Something that struck me about the video is that the other faiths reference God or their scriptures as the basis for their reason for headcovering.  The Kaur doesn't mention Creator or SGGSJ.  I've tried to copy and summarise the sections I felt relevant, apologies for any omissions or errors:

*Muslim*: 
00.28 "to get in close proximity with my Lord" 
00.45 "all to please my Lord"  
5.33 "All I worry about is what will God think about me/my heart/my actions" 
Modesty from men

*Christian: *
00.28 "[Bible] teaches that women should cover their heads and so that's just what we want to do.  ... part of my walk of faith and obedience... "  
Modesty from men

*Jew: *
02.06  "Torah obligation"  
Modesty from men

*Sikh Dupatta: *
03.14 "Symbolyses humility, symbolises respect, symbolises femininity" 

*Sikh Turban: *
03.46 "It's part of my identity" 
Individuality

The fact is, Sri Guru Granth Sahib Ji doesn't ask us to cover our heads (men or women) - please correct me if I'm wrong.  So for a Sikh, covering the head with a dupatta or a turban is a worldly action - to be identifiable in the world.  It isn't about Creator.

Bhenji:


> I don't want to do it because a religion requires it



And here's the part where I kick myself out of Sikhi by saying I agree with you, I don't want to do it because a religion requires it, I want to do it because Creator requires it, and I'm not seeing where It's requiring it... *takes cover behind the nearest park bench*


----------



## Ishna (Sep 8, 2012)

> I am going to ask some of those who are farther along on the path and  actually spoke with Guru ji on his earthly stay. I wonder if it was only  about modesty or if he taught anything about the crown chakra.



I can only speculate as I have no references to cite.  I don't think any particular attention was given to the dress of women in the Guru's time.  Indian women already wore chunni/dupatta and that was enough.

Guru Nanak Ji himself wore a variety of clothes during his travels, apparently mixing odd combinations I guess to stand out and to show they he was separate from any one pre-existing order.

I'm not sure about the history of the turban amongst the spiritual elite of Guruji's time, perhaps it was traditional for the spiritually wise to wear turbans?  I don't know.

Turbans were worn by higher class people, the rulers, and Guru Gobind Singh Ji gave Sikhs turbans to wear to elevate and even out Sikh social status.  No special mention was made about what women should wear, but there are historical accounts of Sikh women in full warrior outfit just like the men (including turbans with shastras - metal wire wrapped inside/around them).

I've never seen any mention about the crown chakra except on a website I won't mention here.  :grinningkaur:


----------



## Ishna (Sep 8, 2012)

Ah!  Silly me.  That's the risk you run when you try to contrast Sikhi with Abrahamical religions!  It's comparing apples and oranges, not apples and apples.  I was caught in the trap.

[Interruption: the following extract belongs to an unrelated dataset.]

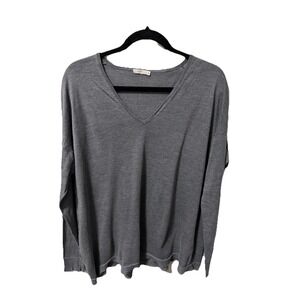 6397 Women's M Blue Gray Long sleeve Top Silk Cotton Blend Basic Closet Staple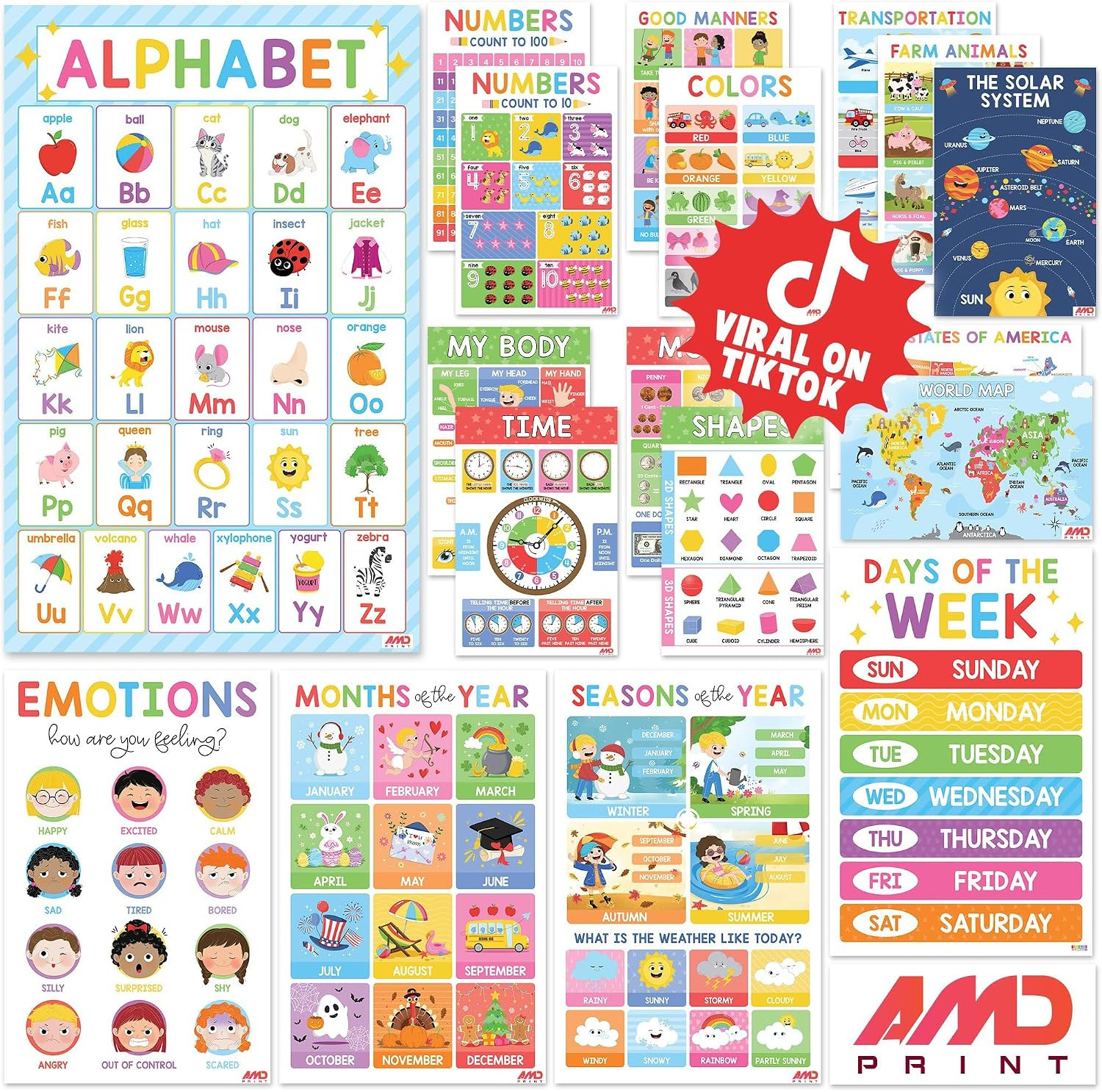 18 Laminated Educational Posters for Toddlers, Preschool Posters for Classroom,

So from the Sikh perspective, Creator doesn't "want" us to do anything particularly special.  Creator will keep going along happily with or without us.

It is up to us humans to make the effort to recognise the Creative Force and behave accordingly.  For Sikhs that is (in theory!) standing up and out for equality, rights, freedom.

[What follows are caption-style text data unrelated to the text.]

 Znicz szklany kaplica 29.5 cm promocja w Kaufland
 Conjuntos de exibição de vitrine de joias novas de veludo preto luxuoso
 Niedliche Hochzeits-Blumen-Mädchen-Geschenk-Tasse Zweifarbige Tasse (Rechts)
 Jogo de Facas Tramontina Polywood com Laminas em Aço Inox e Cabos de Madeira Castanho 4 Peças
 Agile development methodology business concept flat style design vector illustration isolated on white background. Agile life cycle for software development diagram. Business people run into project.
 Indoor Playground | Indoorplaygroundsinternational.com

The turban isn't worn because 'God wants us to obey' but for a healthy community and Sikh individual.  So pretty much what the lady in the video said, hahaha.

Pity my husband really doesn't want me to wear one.  It's bad enough for him to put up with a keshdhari let alone a turban-wearing one.  *sigh*


----------



## Harry Haller (Sep 9, 2012)

itsmaneet said:


> Good work Ishna Ji ....
> 
> I hope Harry Ji see this video as why i & many support covering head



Itsmaneetji

If women wish to cover their heads, not cover their heads, walk around half naked, walk around in a sleeping bag, its all the same to me. 

I really could not care less, it has nothing whatsoever to do with me. If my own wife decided to wear a huge turban, thats fine too. 

What I object to are men like yourself that wish to impose their own views on another. As you say, you and many like you support covering head. Why? What exactly has it to do with you? Are you some self appointed guardian of head covering? Would you favour gangs of men looking for women with uncovered heads for punishment? 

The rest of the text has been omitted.